Édito

TS/SCI

d'Lëtzebuerger Land du 19.08.2022

Aux États-Unis, cela a valu une perquisition du FBI à l’ex-président Donald Trump. Au Grand-Duché, c’était une pratique coutumière de générations de ministres et de fonctionnaires : Quitter sa fonction en emportant des cartons entiers de documents officiels. Cette privatisation d’archives publiques pouvait être dictée par des motifs plus ou moins pernicieux : sauvegarder des documents, assouvir la nostalgie, contrôler le narratif historique, garder du kompromat sous la main.

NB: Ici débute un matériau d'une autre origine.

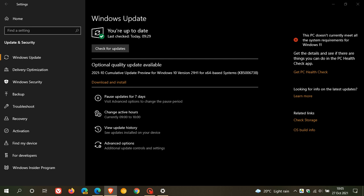And then another key bug fix here is it addresses a memory leak bug that resulted in high memory usage in Windows 10. So, if you've been having any performance issues, then maybe try and download the update to see if it resolves that high memory usage in Windows 10.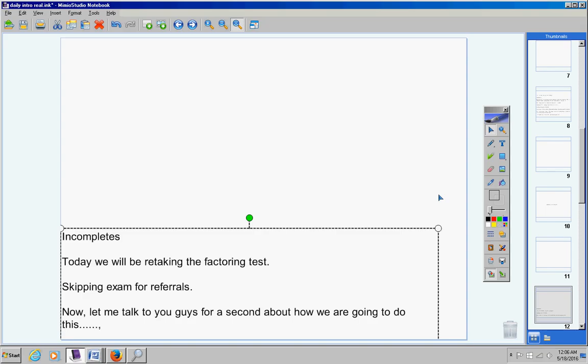So you three students plus anyone else who did not turn your notes in yesterday, if you're taking the test today, you must get all of that turned in by Friday. If you don't have all of these notes turned in by Friday, then your test that you're taking today will not count.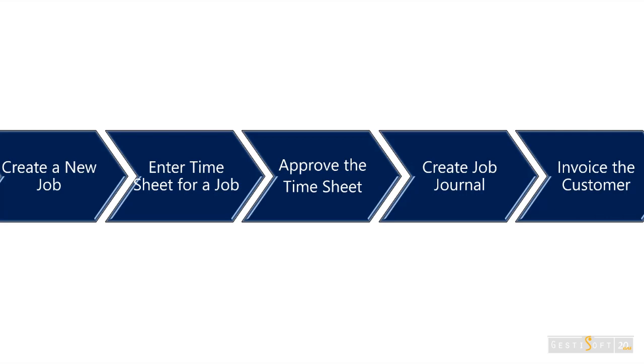In this scene, we will show you how to create a new job, enter timesheet for a job, approve the timesheet, create the job journal, and then invoice the customer.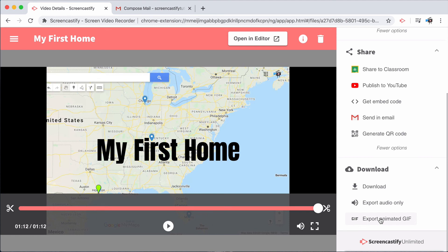Those are all of the sharing options you have with Screencastify. Now that you know exactly how to work the extension and the editor, we're ready to start talking about the ways in which you can use Screencastify. I can't wait for you to join us in the next segment where we'll talk about sharing videos with your students.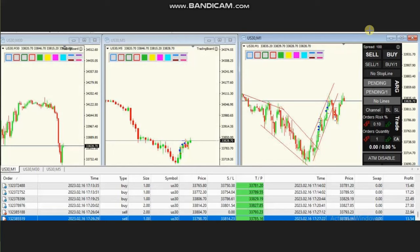Hello everyone. I'd like to share with you a few trades posted on Thursday, 16th of February 2023. These trades were shared by HS, who's trading the Dow Jones Industrial Average in the form of a CFD using a forex broker.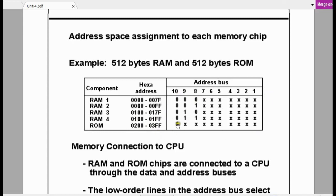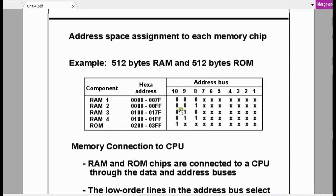The same addresses are also written in binary format. Whenever the 8th bit and 9th bit of the address is 00, you select RAM 1. Whenever the 8th and 9th bits are 01, you select RAM 2. Whenever the 8th and 9th bits are 10, you select RAM 3. Whenever the 8th and 9th bits are 11, you select RAM 4. In this way you can differentiate between the RAM chips.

Il a fallu attendre 2018 avant qu’une première loi sur l’archivage ne soit votée par la Chambre, définissant les archives publiques comme « imprescriptibles, inaliénables et insaisissables ». Des amendes jusqu’à 45 000 euros frappent les personnes qui détruisent, détournent ou soustraient sciemment des archives destinées à être sauvegardées. « Personne ne sait au juste combien de documents historiquement importants ont été détruits ces dernières décennies, que ce soit par inadvertance ou, pire, consciemment », regrettait la ministre de la Culture, Sam Tanson (Déi Gréng), en amont du vote à la Chambre.

Aux États-Unis, les présidents sortants sont obligés depuis plus de quarante ans à verser l’ensemble des documents officiels aux archives nationales. (Le Presidential Records Act fut voté en 1978 pour empêcher Richard Nixon de faire le grand ménage avant son départ de la Maison Blanche.) La question des documents emportés à Mar-a-Lago semblait initialement se résumer à un bras de fer entre Trump et les National Archives. L’affaire a pris une tout autre ampleur lorsqu’il est apparu que parmi les cartons saisis le 9 août par le FBI, certains étaient classifiés TS/SCI (Top Secret/Sensitive Compartmented Information).

C’est au lendemain de la perquisition en Floride que la nomination de Josée Kirps comme présidente du Conseil international des archives (CIA) était officialisée. Comptant environ 2 000 membres provenant de 161 pays, l’organisation non-gouvernementale a son siège à Paris et défend « la gestion efficace des archives ». Kirps est directrice des Archives nationales du Luxembourg (AnLux) depuis 2003. Deux décennies à courir les ministères pour quémander plus de personnel, un cadre légal et un nouveau bâtiment. (Pendant ce temps-là, c’est la Bibliothèque nationale qui a pris le lead de la digitalisation.) Au Luxembourg, les archives auraient traditionnellement été le « Stéifkand » de la politique, estime Kirps : « On était toujours les derniers dans la queue ». La situation ne s’est débloquée que récemment, avec l’entrée en vigueur de la loi sur l’archivage. Après vingt ans de gel des embauches, les AnLux ont pu recruter treize personnes en 2021 et 2022. Quant au nouveau bâtiment, le chantier vient d’être lancé, sa livraison est prévue pour 2025.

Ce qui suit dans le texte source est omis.